■ Data:
++++++++++++++++++++
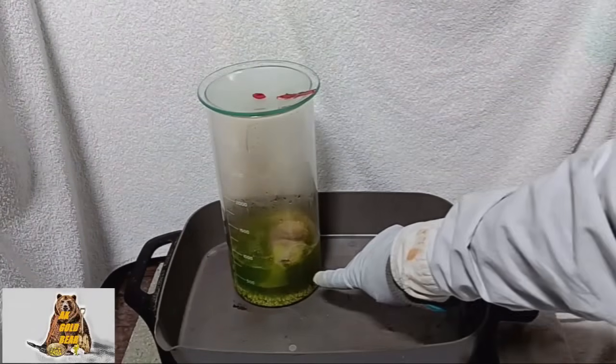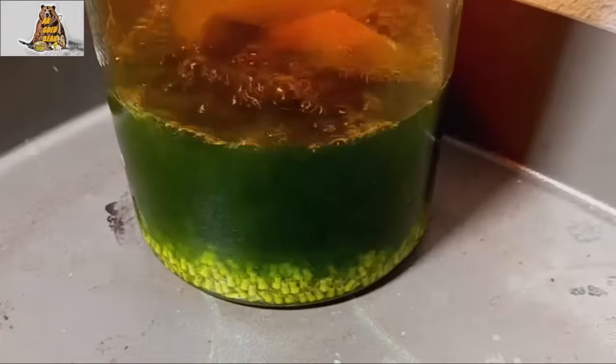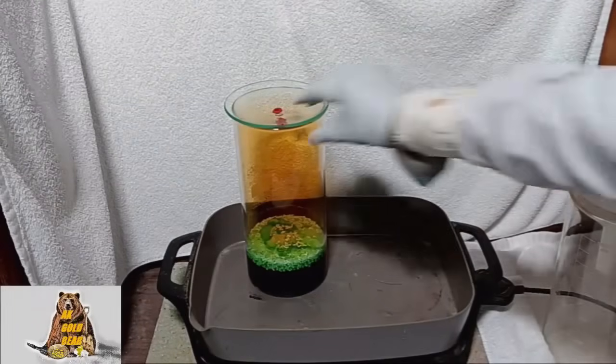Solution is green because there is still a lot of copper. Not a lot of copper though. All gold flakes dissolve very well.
++++++++++++++++++++
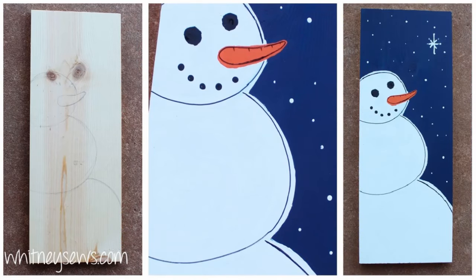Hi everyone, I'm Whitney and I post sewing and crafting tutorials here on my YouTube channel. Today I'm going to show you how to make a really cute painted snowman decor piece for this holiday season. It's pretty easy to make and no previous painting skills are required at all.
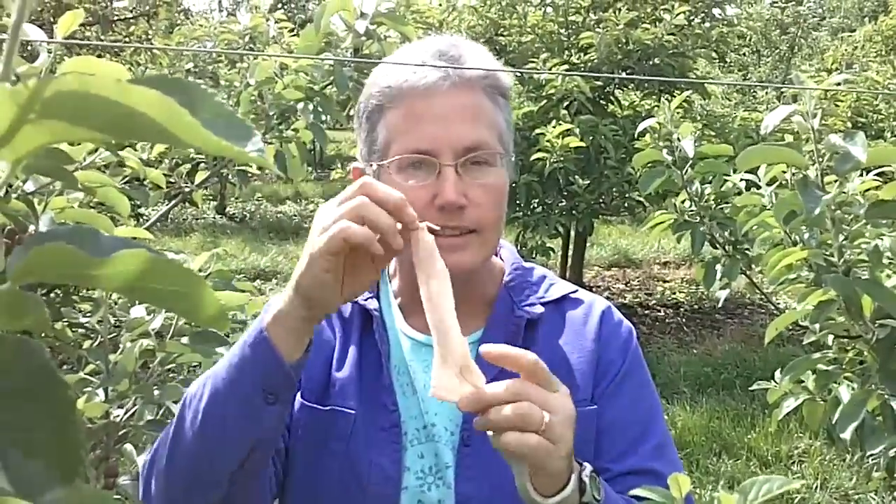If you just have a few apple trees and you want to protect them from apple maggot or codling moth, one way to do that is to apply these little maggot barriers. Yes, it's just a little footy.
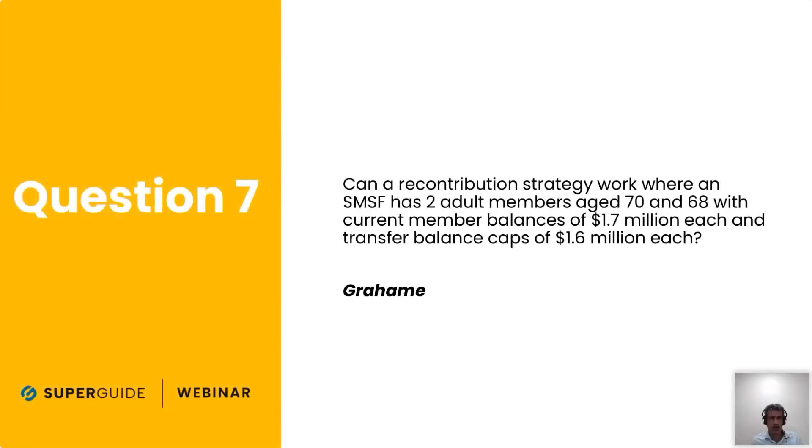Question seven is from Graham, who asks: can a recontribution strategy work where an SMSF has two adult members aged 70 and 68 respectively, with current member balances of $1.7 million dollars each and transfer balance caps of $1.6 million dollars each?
++++++++++++++++++++
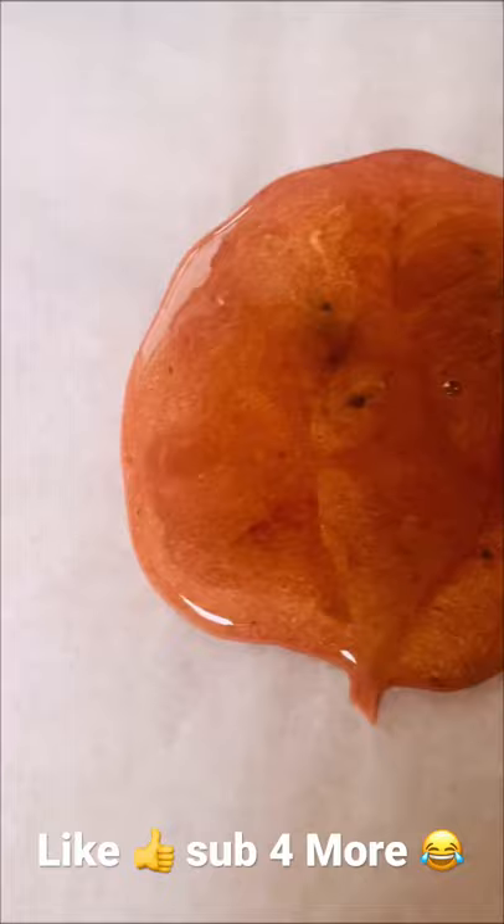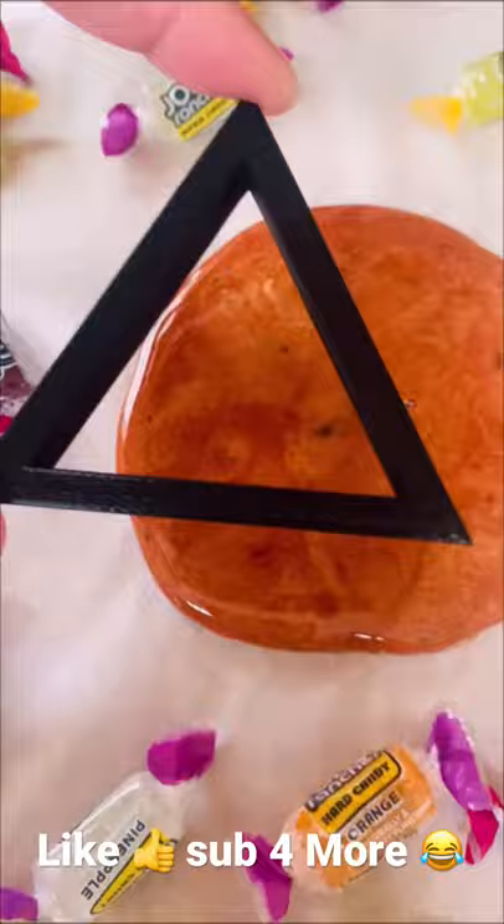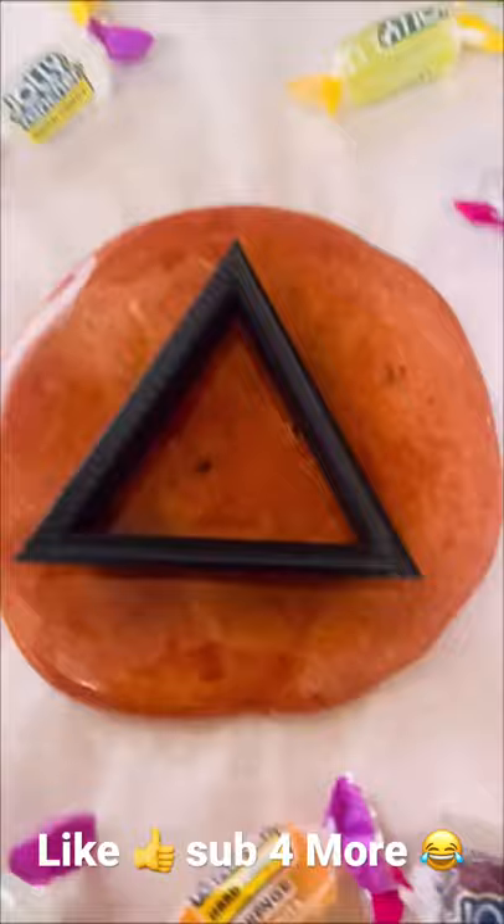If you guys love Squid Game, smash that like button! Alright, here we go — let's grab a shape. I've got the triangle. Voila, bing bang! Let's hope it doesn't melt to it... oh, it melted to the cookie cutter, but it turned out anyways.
++++++++++++++++++++
■ Assigned task: Both the line containing "If you just" and the line containing "Question seven is" above belong in the output, as do the lines between them. Print them exactly, without pictures.

■ Solution for this task:
If you just have a few apple trees and you want to protect them from apple maggot or codling moth, one way to do that is to apply these little maggot barriers. Yes, it's just a little footy.
Question seven is from Graham, who asks: can a recontribution strategy work where an SMSF has two adult members aged 70 and 68 respectively, with current member balances of $1.7 million dollars each and transfer balance caps of $1.6 million dollars each?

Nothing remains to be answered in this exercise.